[Exercise directions]:
Because the copy must hold no pictures, return the data below with all of its words intact.

[The data]:
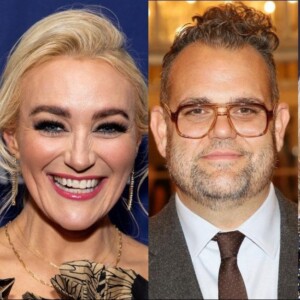 Betsy Wolfe, Greg Hildreth, and More Join SEPTEMBER L. DAVIS: THE APOLOGY TOUR Photo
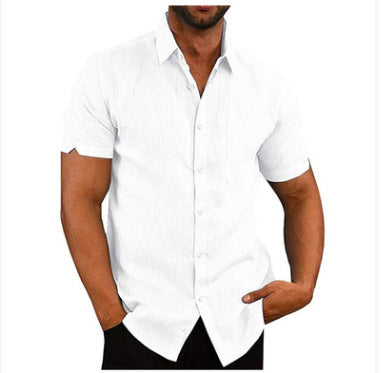 chemise classique 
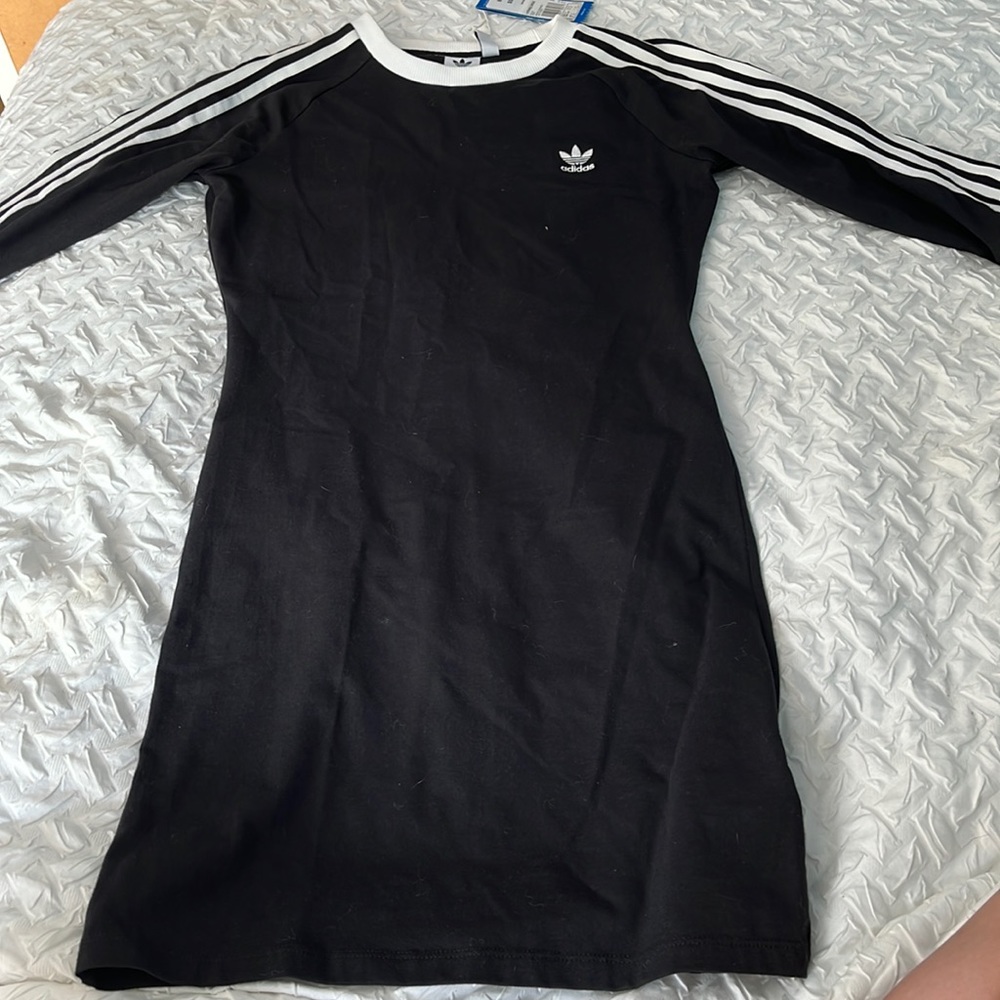 Adidas Dress NWT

[Completed exercise]:
 Betsy Wolfe, Greg Hildreth, and More Join SEPTEMBER L. DAVIS: THE APOLOGY TOUR Photo
 chemise classique 
 Adidas Dress NWT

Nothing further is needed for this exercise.